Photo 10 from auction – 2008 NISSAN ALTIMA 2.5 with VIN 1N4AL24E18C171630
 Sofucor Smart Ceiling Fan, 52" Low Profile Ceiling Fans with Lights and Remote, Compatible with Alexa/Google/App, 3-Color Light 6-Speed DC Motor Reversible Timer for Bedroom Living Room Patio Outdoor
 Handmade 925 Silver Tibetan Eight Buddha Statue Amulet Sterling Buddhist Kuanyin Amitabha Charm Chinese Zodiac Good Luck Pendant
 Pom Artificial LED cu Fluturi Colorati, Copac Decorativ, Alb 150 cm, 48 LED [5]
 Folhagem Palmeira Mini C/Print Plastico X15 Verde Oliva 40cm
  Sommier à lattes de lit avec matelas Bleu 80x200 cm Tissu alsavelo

* * * * * * *

• What you have to do: From the line containing "Folhagem Palmeira Mini" to the last line of the material, please quote every line exactly and only those.

• Exercise output:
 Folhagem Palmeira Mini C/Print Plastico X15 Verde Oliva 40cm
  Sommier à lattes de lit avec matelas Bleu 80x200 cm Tissu alsavelo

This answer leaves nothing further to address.